Work instructions:
Only one span is wanted from the lines below: from the one with "Hello Kitty Deboss" up to and including the one with "A3 GreyBoard Backing". Copy it exactly, without images.

————

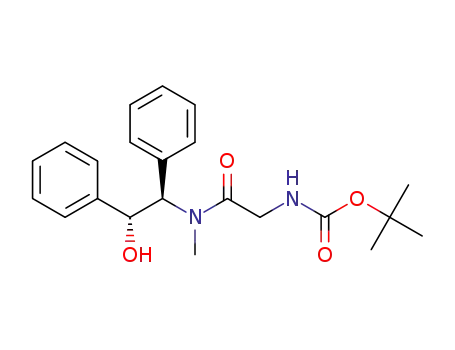 tert-butyl (2-(((1R,2R)-2-hydroxy-1,2-diphenylethyl)(methyl)amino)-2-oxoethyl)carbamate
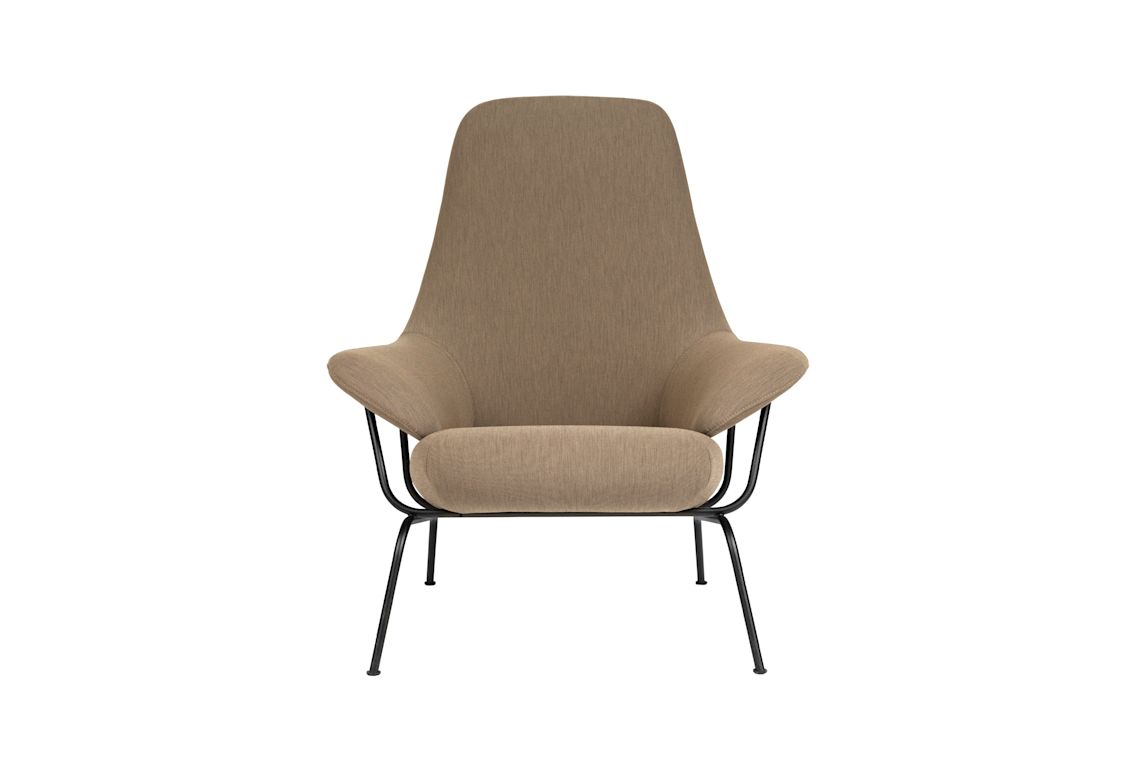 Hai Lounge Chair + Ottoman, Licorice, Art. no. 20097 (image 2)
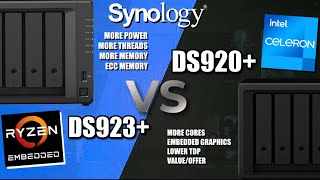 Synology DS923 vs DS920 NAS  Which Should You Buy [upl. by Clements]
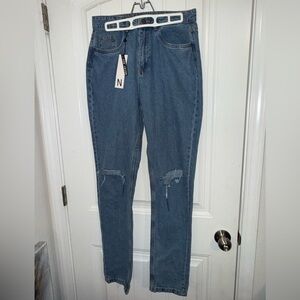 Noisy May Donna HW medium blue denim  Jeans (Medium Blue Denim) NWT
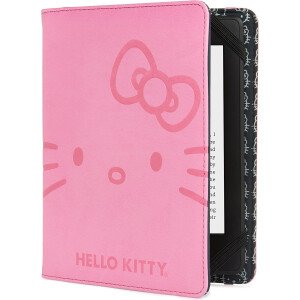 Hello Kitty Deboss - Funda facial color rosa (se adapta a Kindle Paperwhite, Kindle y Kindle Touch)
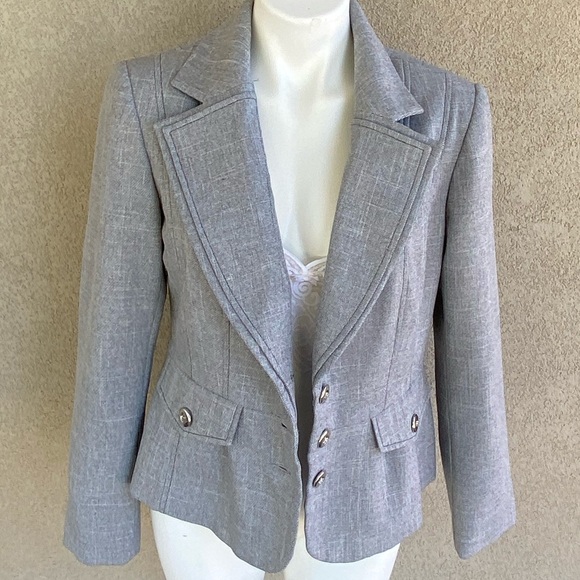 Nordstrom Jackets & Blazers - Gray Stylish Work Blazer Jacket Button Accents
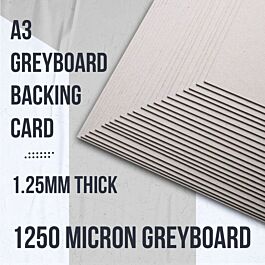 A3 GreyBoard Backing Card 750GSM 1250 Micron 1.25mm 25 Sheets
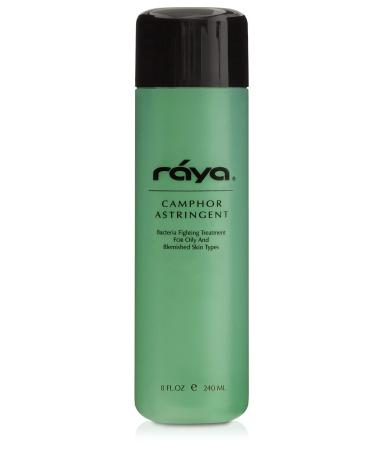 RAYA Camphor Astringent 6 oz (204) | Effective Facial Toner for Oily and Break-Out Skin | Helps Dry Up Blemishes and Control Excessive Oiliness | Made with Camphor and Eucalyptus 6 fl-oz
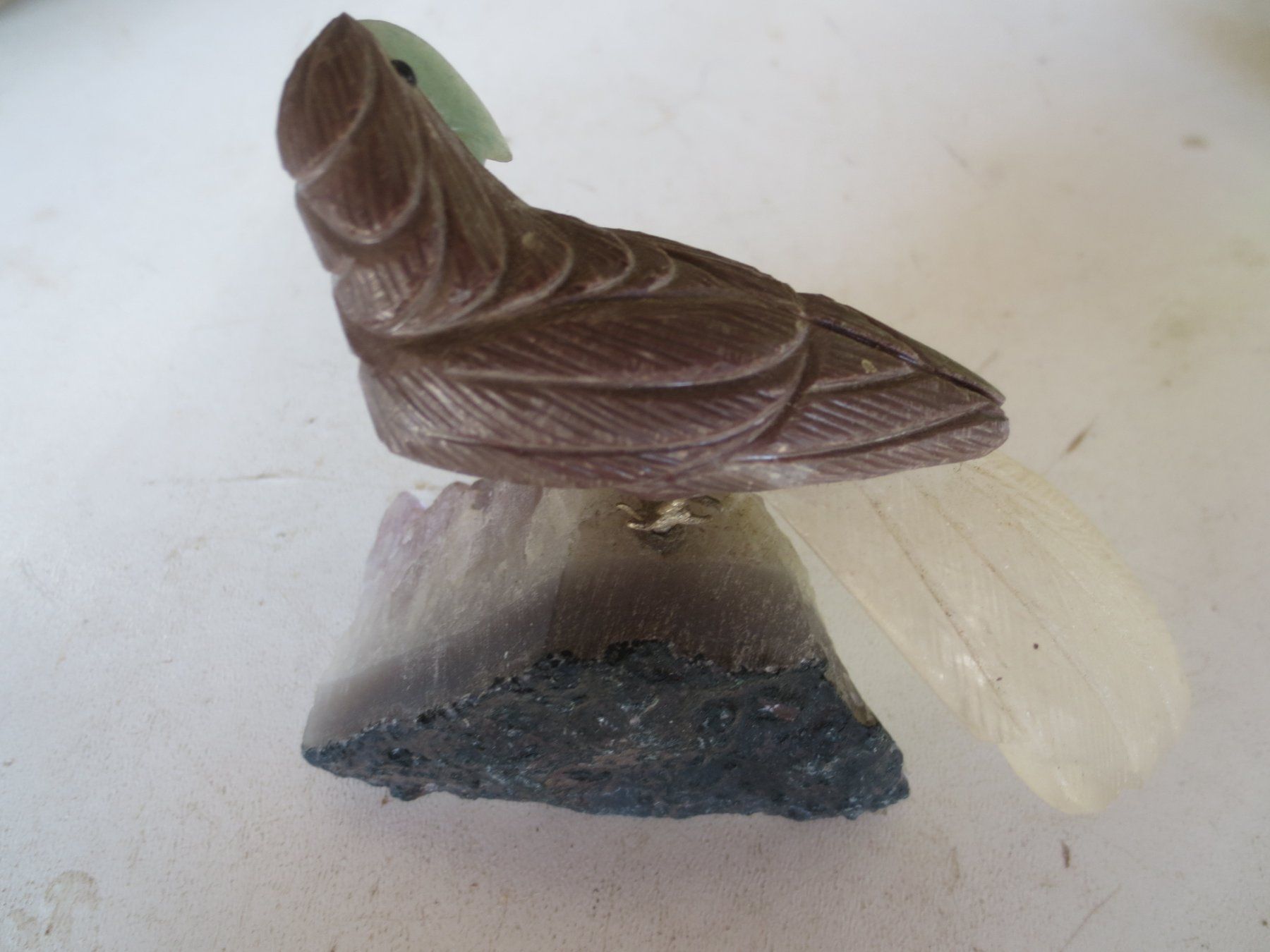 Minerali & Pietre curative: Vogel auf Stein – Usato da Weier im Emmental venduto da waefler03 1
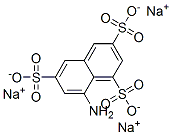trisodium 8-aminonaphthalene-1,3,6-trisulphonate Struktur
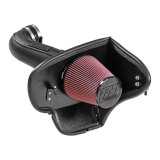 Flowmaster Delta Force Cold Air Intake Kits 615102 Intake, Air, Red Filter, Black Polyethylene Tube, Chevy, 6.2L, Kit thumbnail 1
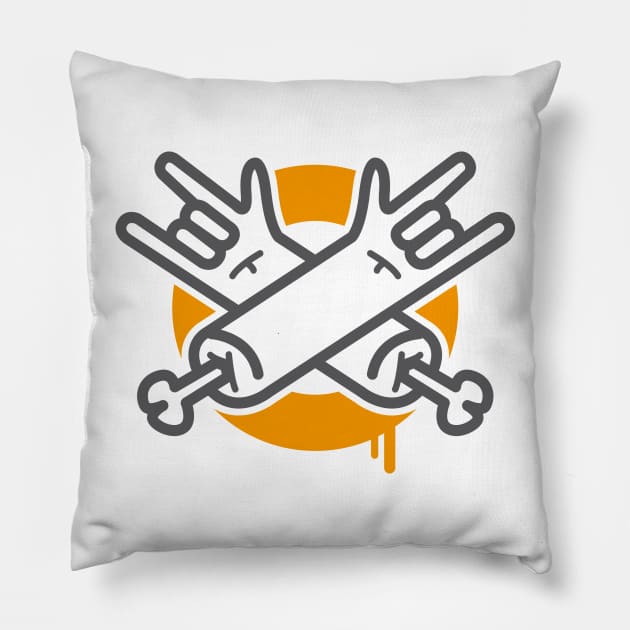 manuvila logotype 2016 Pillow by manuvila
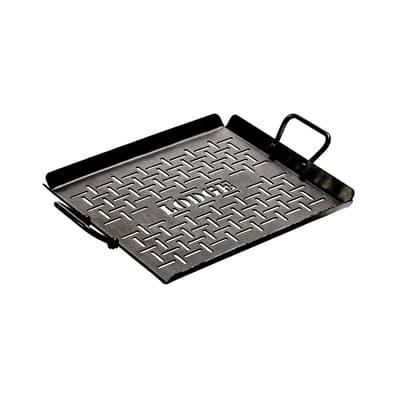 Lodge &amp;reg; 13&quot; x 12&quot; Carbon Steel Grilling Pan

————

Answer for the task:
 Hello Kitty Deboss - Funda facial color rosa (se adapta a Kindle Paperwhite, Kindle y Kindle Touch)
 Nordstrom Jackets & Blazers - Gray Stylish Work Blazer Jacket Button Accents
 A3 GreyBoard Backing Card 750GSM 1250 Micron 1.25mm 25 Sheets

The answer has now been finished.